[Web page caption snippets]
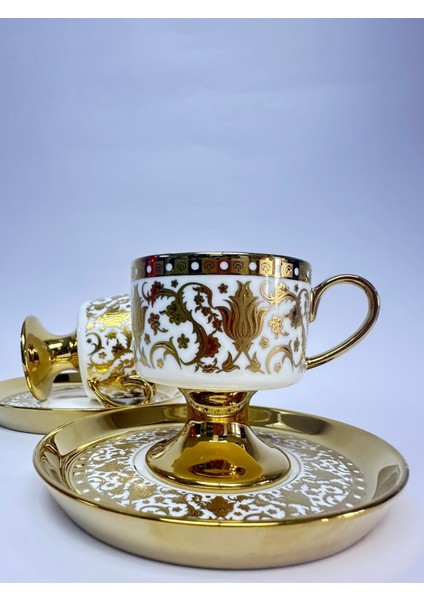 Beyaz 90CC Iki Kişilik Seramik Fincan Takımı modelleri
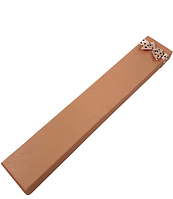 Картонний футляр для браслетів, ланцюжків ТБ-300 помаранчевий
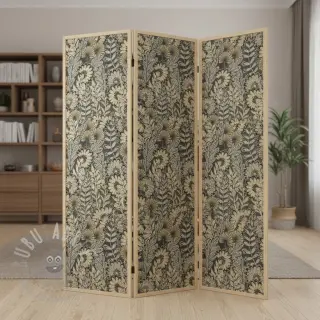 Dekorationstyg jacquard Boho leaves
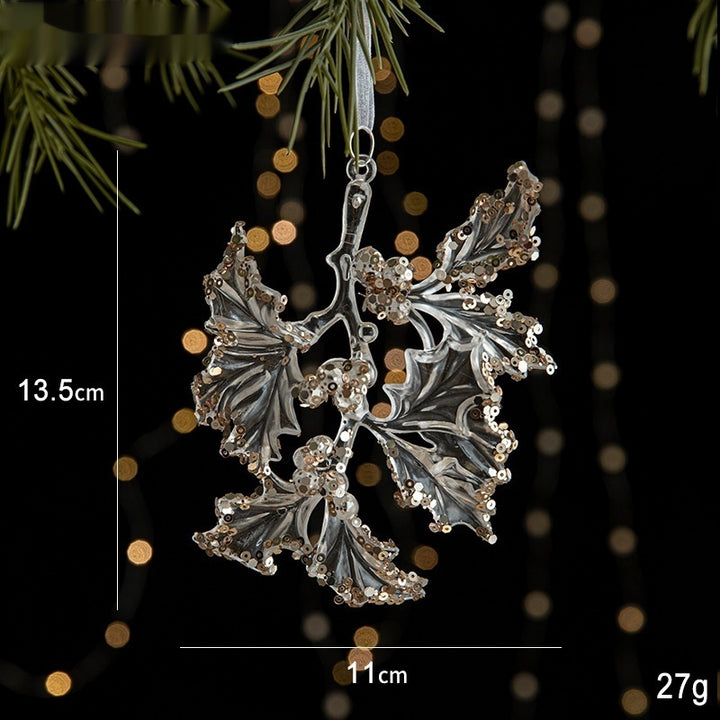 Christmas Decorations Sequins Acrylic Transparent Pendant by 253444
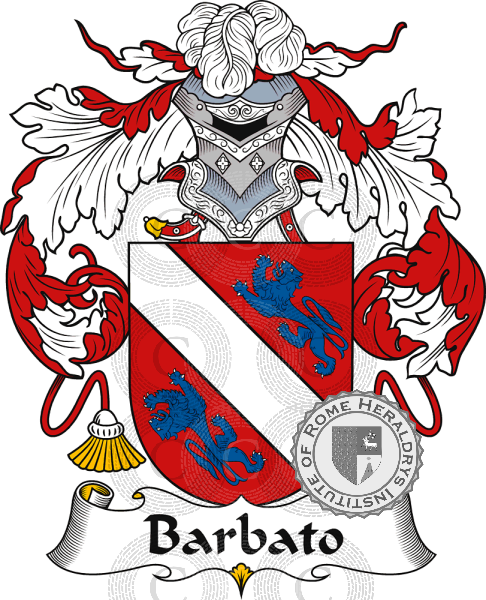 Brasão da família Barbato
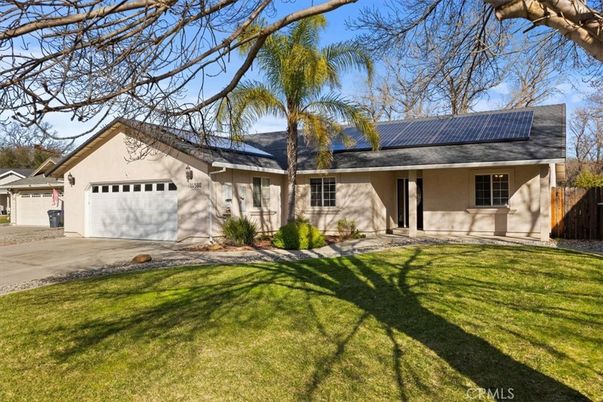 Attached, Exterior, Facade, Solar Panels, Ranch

**Exercise requirements:**
Please retype the whole of the data precisely, omitting pictures.

**Solution for this problem:**
 Beyaz 90CC Iki Kişilik Seramik Fincan Takımı modelleri
 Картонний футляр для браслетів, ланцюжків ТБ-300 помаранчевий
 Dekorationstyg jacquard Boho leaves
 Christmas Decorations Sequins Acrylic Transparent Pendant by 253444
 Brasão da família Barbato
 Attached, Exterior, Facade, Solar Panels, Ranch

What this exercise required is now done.